> **Instructions to follow**
Pictures are to be dropped. Everything else in the listing gets copied exactly.

> **Source material**
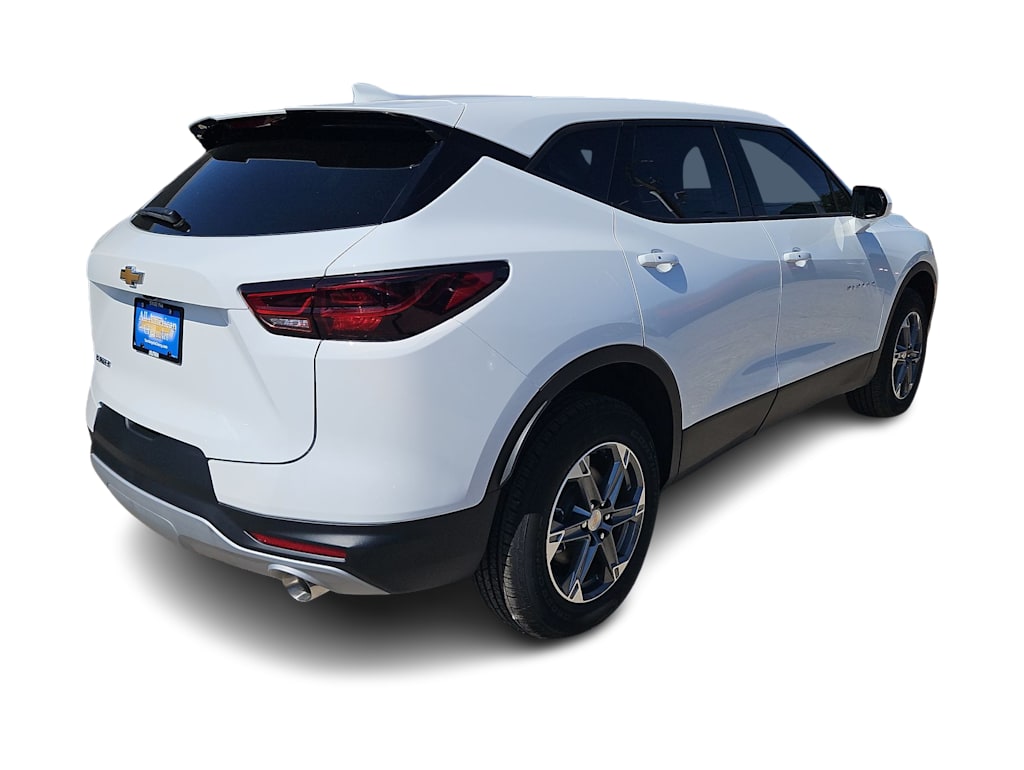 Thumbnail: 2025 Chevrolet Blazer - 18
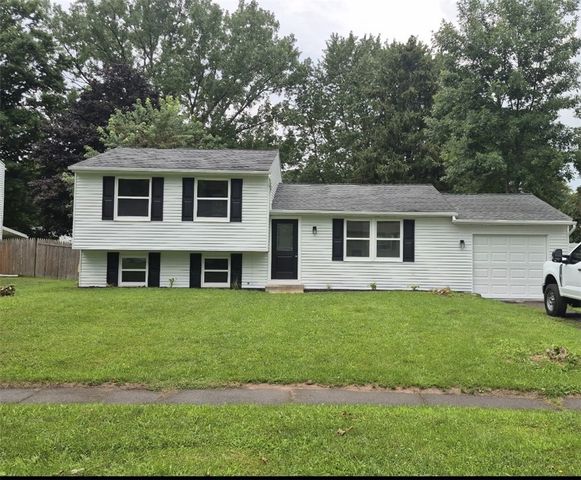 96 Burning Brush Dr, Rochester, NY 14606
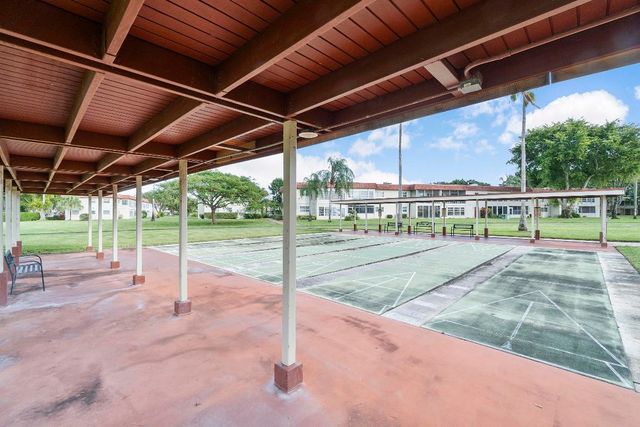 27 Abbey Lane 306, Delray Beach, FL 33446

> **Response for this exercise**
 Thumbnail: 2025 Chevrolet Blazer - 18
 96 Burning Brush Dr, Rochester, NY 14606
 27 Abbey Lane 306, Delray Beach, FL 33446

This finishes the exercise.